Dass gerade die Gewerkschaftsbürokratie, mit exorbitanten Gehältern, die Ergebnisse verteidigt, zeigt, wie weit sie von den Arbeiter:innen entfernt ist. Während viele Beschäftigte der Chemieindustrie nicht wissen, wie sie ihre Lebensmittel- und Energierechnungen bezahlen sollen, feiert die Gewerkschaftsbürokratie einen verhandelten Reallohnverlust.

Wir müssen den Gewerkschaften zeigen, dass wir Arbeiter:innen uns nicht verkaufen lassen.
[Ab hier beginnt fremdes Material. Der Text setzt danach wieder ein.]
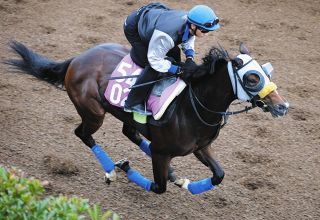 【アルテミスS・追い切り】ファミーリエ坂路最終追い4F58秒1―12秒9　清水久師「予定していたよりも遅くなりましたが…問題ないでしょう」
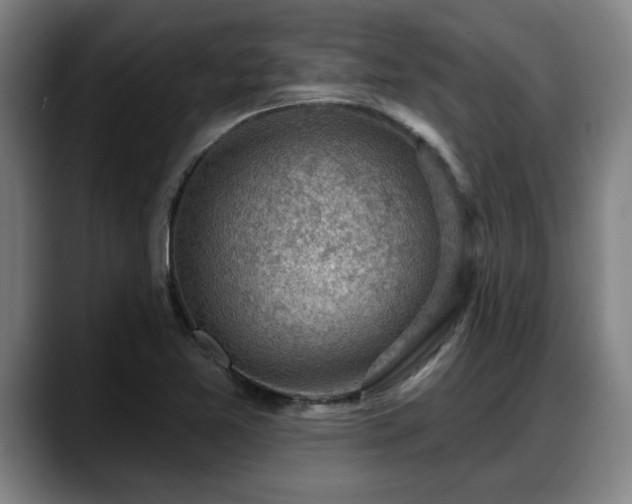 X0000088831365200706141513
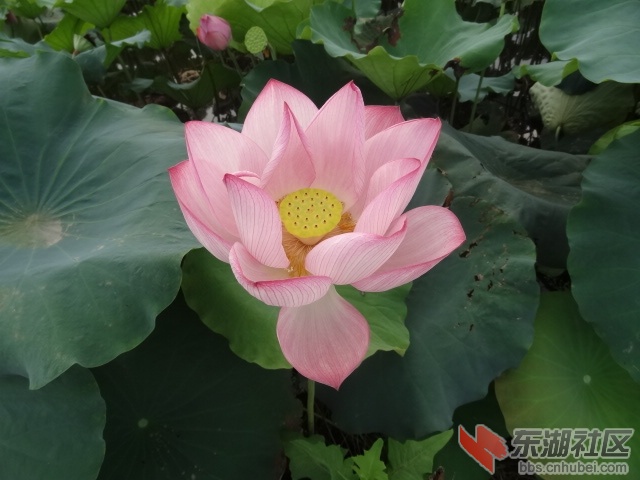 DSC03650.JPG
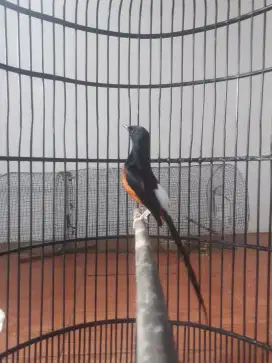 Burung muray batu prestasian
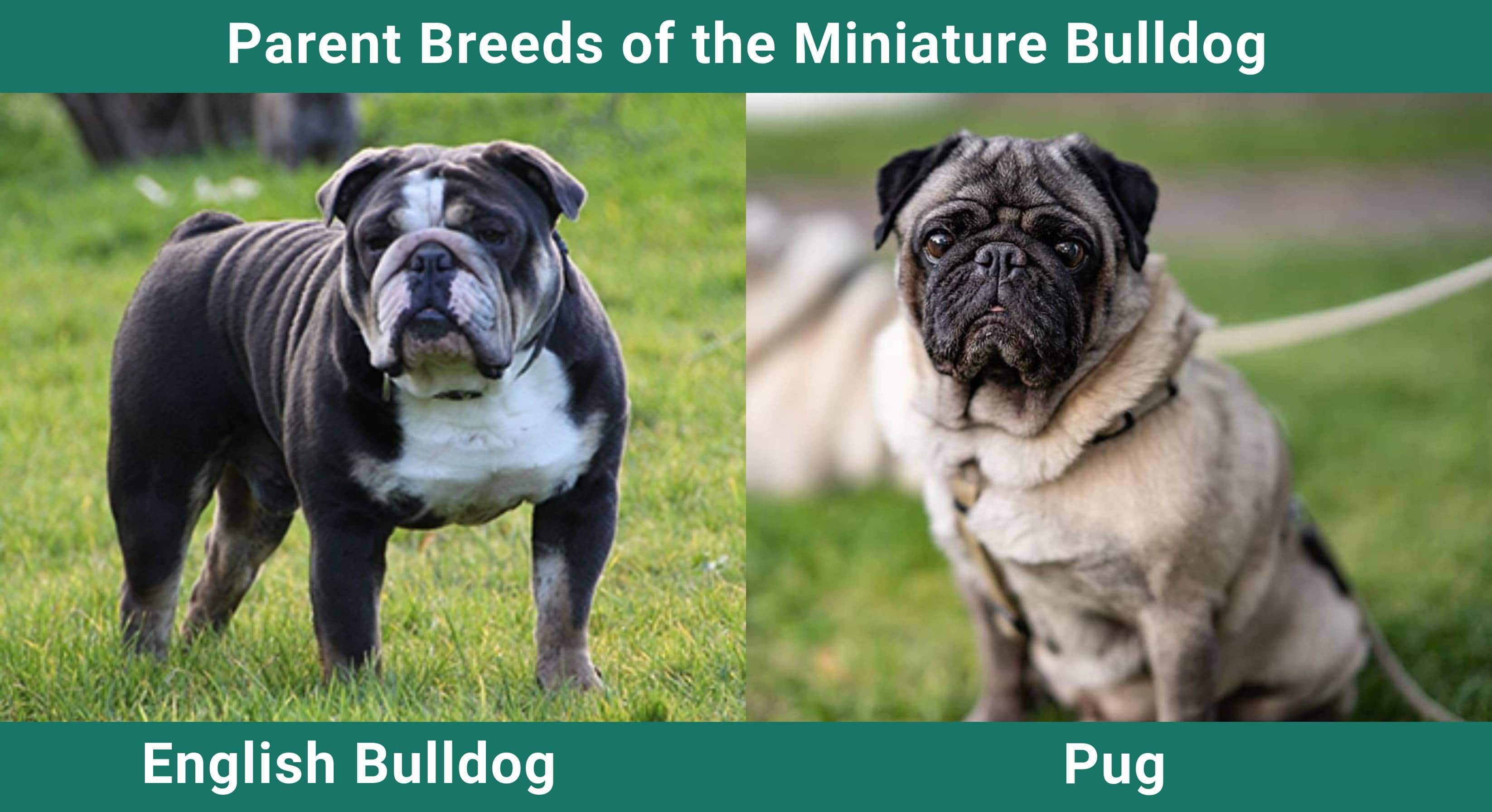Parent_breeds_Miniature Bulldog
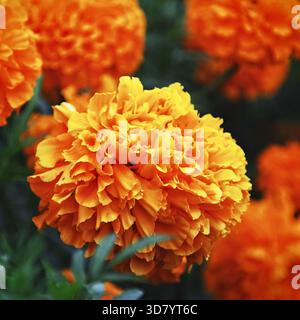 Side view to big orange marigold flower on blurred flower background Stock Photo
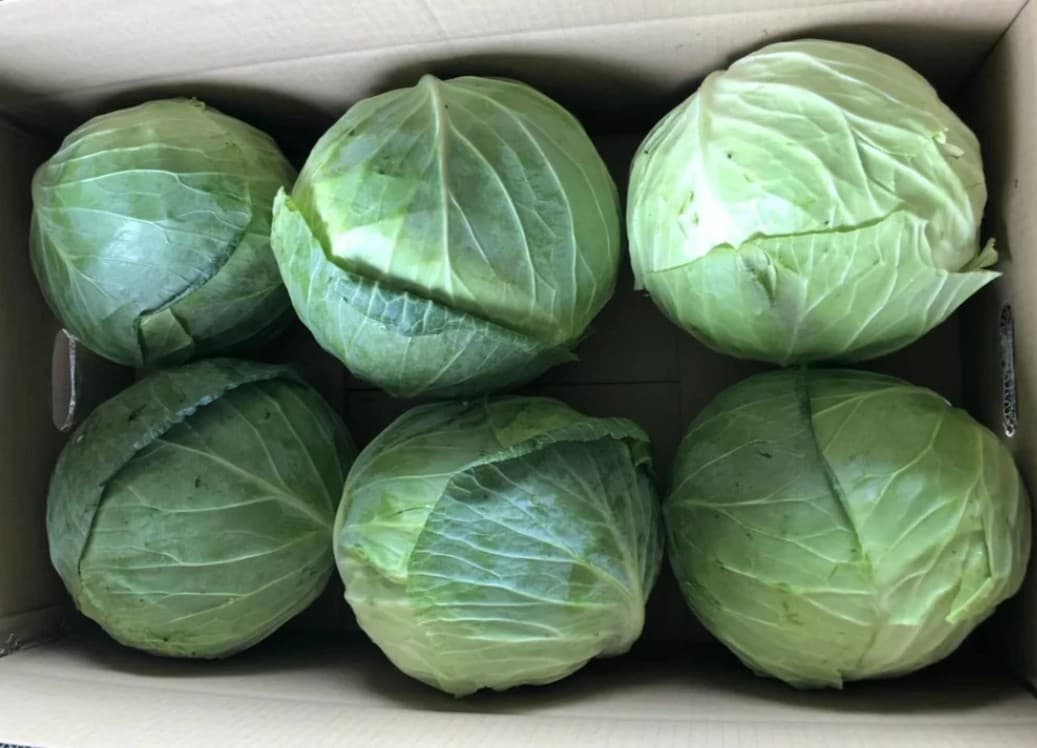 White Cabbage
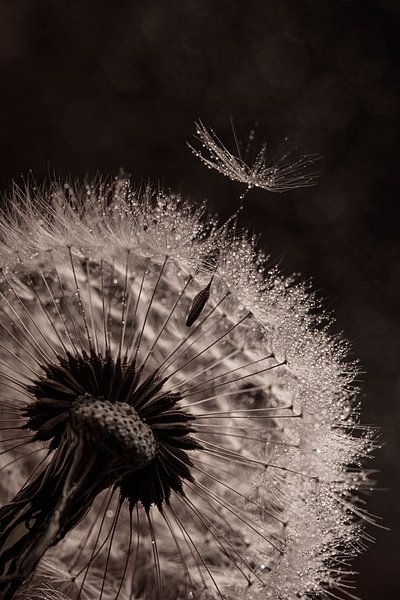 Time to go! Fluff leaves dandelion by Marjolijn van den Berg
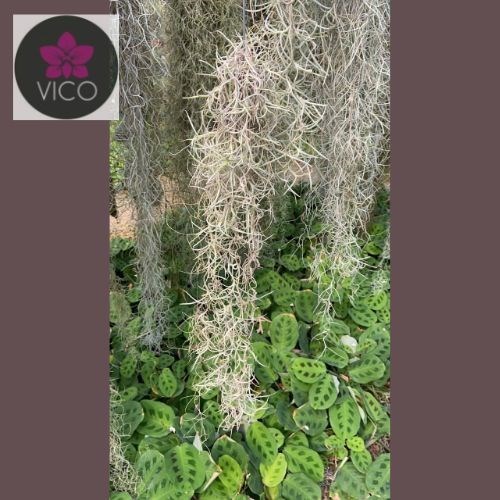 Tillandsia usneoides 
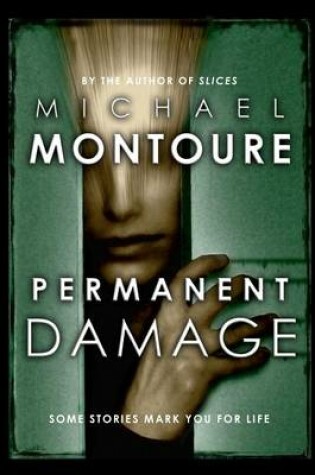 Cover of Permanent Damage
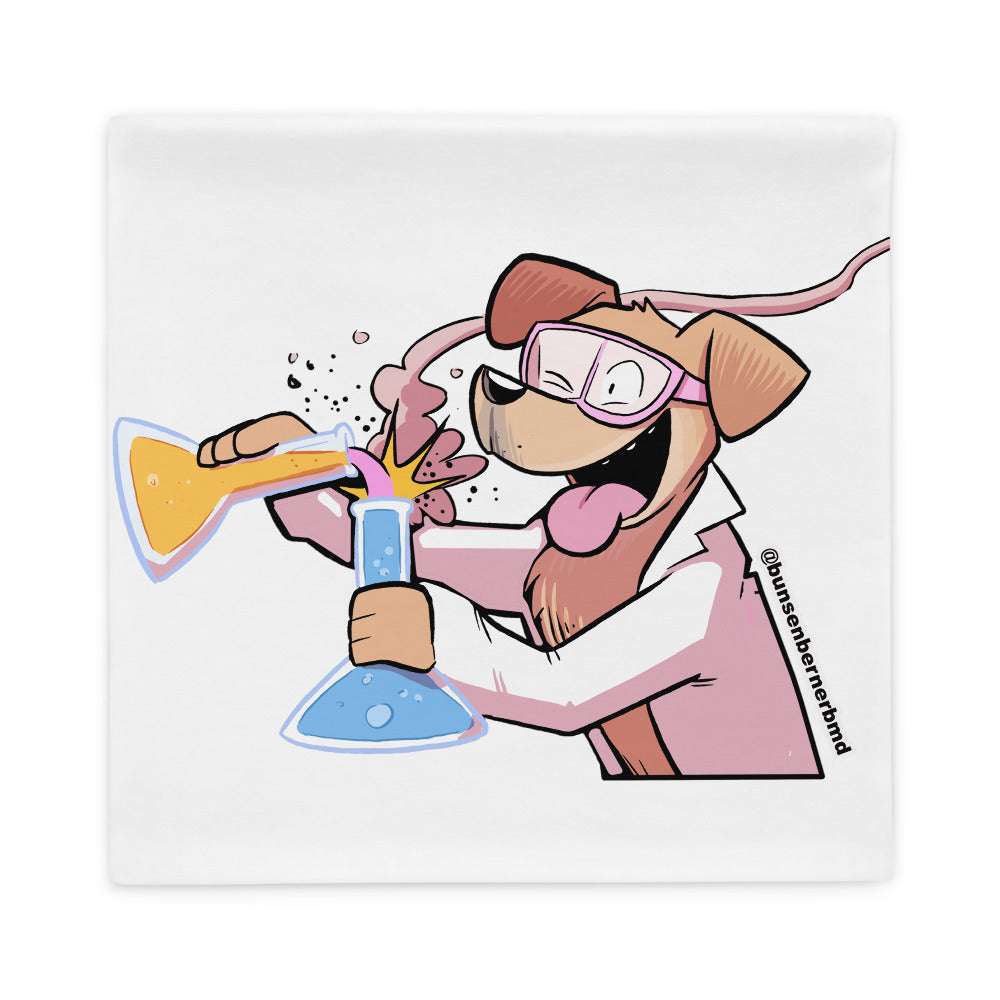 Pillow Case: Beakering
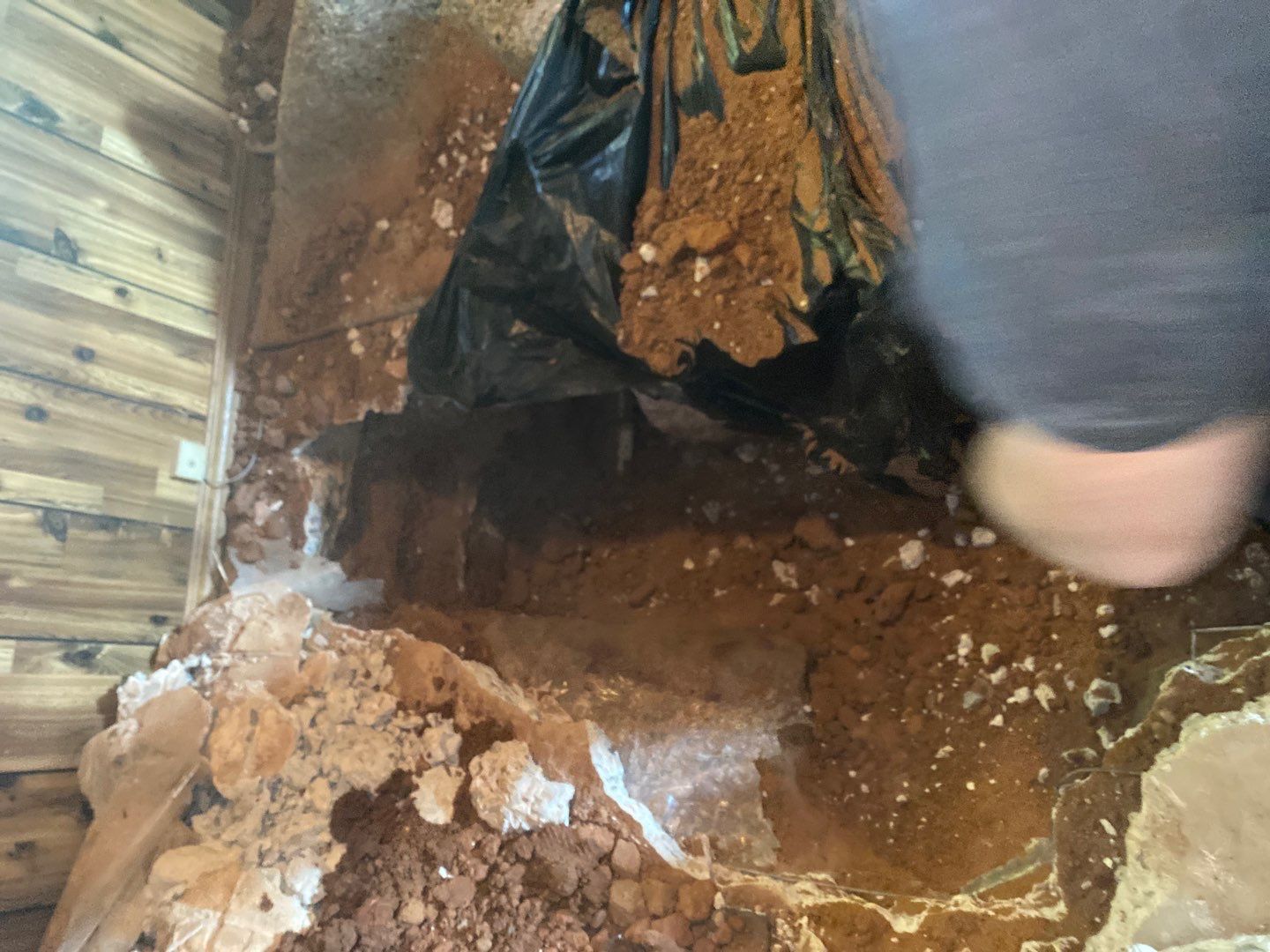 Project in Newcastle by PRO-ROOTER
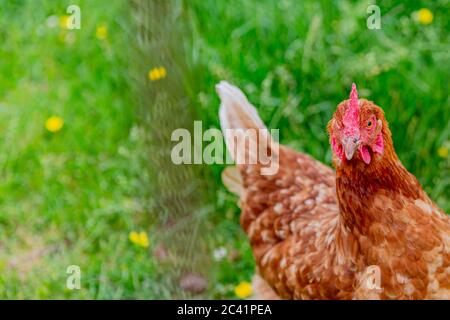 Nahaufnahme eines roten Rasierers Huhn mit einer rötlich-braunen Farbe auf einem Bio-Bauernhof mit grünem Gras auf einem verschwommenen Hintergrund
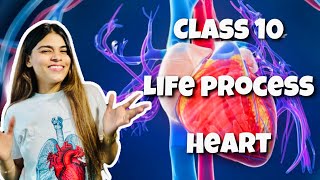 CLASS 10  LIFE PROCESS  TRANSPORTATION  HUMAN HEART [upl. by Kopple879]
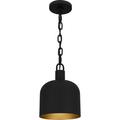 Quoizel Lighting - 1 Light Mini Pendant In Industrial Style-11 Inches Tall and 8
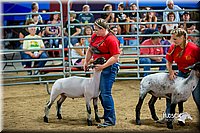 LCFair2016-5145.jpg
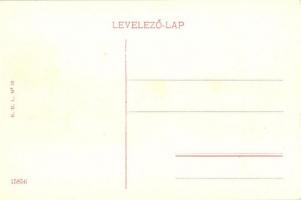 Losonc, Kossuth utca, Lusztig Lázár, Bicskei Zoltán, Molnár János és Hochfelder kereskedései / Kossu...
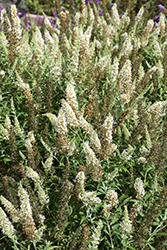 Summer Bird White Butterfly Bush (Buddleia davidii 'Summer Bird White') at Lakeshore Garden Centres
Erste Reaktionen von Beschäftigten auf Instagram zeigen schon einmal, dass nicht alle die Geschichte der IGBCE-Führung vom guten Abschluss glauben: „Das was zu befürchten war – 3000€ vom Staat werden als Vorwand genutzt, um keine hohen echten Entgelterhöhungen machen zu müssen.“ – „Dann noch für 20 Monate zugesagt, 20 Monate lang keine Verhandlungen mehr?!?! ich geh kaputt!!” – “warum gibts die 3,25% eigentlich nicht rückwirkend zum ausgelaufenen Tarifvertrag”. Natürlich sind das nur einzelne Meinung, es ist jedoch nur naheliegend, dass mehr Beschäftigte ähnliche Gedanken haben. Das Mindeste, was die IGBCE-Führung deshalb tun sollte, wäre ein demokratischer Mitgliederentscheid über das Ergebnis. Wenn das wirklich so gut ist, wie sie behaupten, müssen sie davor auch keine Angst haben. Das muss jedoch verbunden werden mit Versammlungen von Beschäftigten, auf denen diskutiert wird, ob das Ergebnis angenommen wird und ob im Falle einer Ablehnung gestreikt werden muss.

Was es braucht, sind kämpferische Gewerkschaften, die die Interessen der Arbeiter:innen durchsetzen und sich nicht auf halbgare Deals mit den Arbeitgeber:innen einlassen. Gewerkschaftsfunktionär:innen müssen jederzeit abwählbar und ihren Mitgliedern rechenschaftspflichtig sein und einen normalen Arbeiter:innenlohn verdienen. Tarifergebnisse wie dieses, dürfen wir nicht hinnehmen. Wir müssen in unseren Gewerkschaften und Betrieben Druck aufbauen und für unsere Interessen kämpfen. Für einen Inflationsausgleich und für bessere Arbeitsbedingungen.